Count Sub Islands — DFS Subset Check

Problem

An island in grid2 is a sub-island if every cell of that island also appears as land in grid1. Return the count.

Approach — DFS with AND logic

DFS floods each island in grid2. The island is valid if ALL cells it covers are also 1 in grid1. Crucially, continue DFS even if a cell fails (to mark the whole island visited), but track the boolean.
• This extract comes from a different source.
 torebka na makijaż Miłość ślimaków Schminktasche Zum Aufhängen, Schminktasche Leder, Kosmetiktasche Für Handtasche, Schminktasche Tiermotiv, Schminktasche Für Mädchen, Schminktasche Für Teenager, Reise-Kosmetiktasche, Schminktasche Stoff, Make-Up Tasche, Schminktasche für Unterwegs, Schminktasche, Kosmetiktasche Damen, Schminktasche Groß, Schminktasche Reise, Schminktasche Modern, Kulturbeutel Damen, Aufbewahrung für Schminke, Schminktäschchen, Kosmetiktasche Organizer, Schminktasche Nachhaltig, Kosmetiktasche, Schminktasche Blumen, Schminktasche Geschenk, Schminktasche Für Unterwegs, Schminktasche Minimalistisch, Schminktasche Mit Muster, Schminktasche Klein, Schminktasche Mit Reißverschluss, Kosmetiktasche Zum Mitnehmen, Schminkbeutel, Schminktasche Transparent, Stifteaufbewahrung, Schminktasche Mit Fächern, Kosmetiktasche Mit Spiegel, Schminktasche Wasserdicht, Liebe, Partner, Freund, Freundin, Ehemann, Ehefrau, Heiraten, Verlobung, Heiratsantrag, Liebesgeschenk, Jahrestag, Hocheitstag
Time: O(mn) | Space: O(mn)

Solutions

Python

class Solution:
    def countSubIslands(self, grid1: list[list[int]], grid2: list[list[int]]) -> int:
        R,C=len(grid2),len(grid2[0])
        def dfs(r,c):
            if not(0<=r<R and 0<=c<C) or grid2[r][c]!=1: return True
            grid2[r][c]=0
            ok = grid1[r][c]==1
            for dr,dc in[(1,0),(-1,0),(0,1),(0,-1)]:
                if not dfs(r+dr,c+dc): ok=False
            return ok
        return sum(dfs(r,c) for r in range(R) for c in range(C) if grid2[r][c]==1)

C++

class Solution {
    bool dfs(vector<vector<int>>& g1, vector<vector<int>>& g2, int r, int c){
        if(r<0||r>=g2.size()||c<0||c>=g2[0].size()||g2[r][c]!=1) return true;
        g2[r][c]=0;
        bool ok = g1[r][c]==1;
        if(!dfs(g1,g2,r+1,c)) ok=false;
        if(!dfs(g1,g2,r-1,c)) ok=false;
        if(!dfs(g1,g2,r,c+1)) ok=false;
        if(!dfs(g1,g2,r,c-1)) ok=false;
        return ok;
    }
public:
    int countSubIslands(vector<vector<int>>& g1, vector<vector<int>>& g2){
        int cnt=0;
        for(int r=0;r<g2.size();r++) for(int c=0;c<g2[0].size();c++)
            if(g2[r][c]==1 && dfs(g1,g2,r,c)) cnt++;
        return cnt;
    }
};

Complexity

Time: O(mn) | Space: O(mn)

Key Takeaway

When checking an island property, always complete the DFS (don't short-circuit) to mark all cells visited; just track the boolean separately.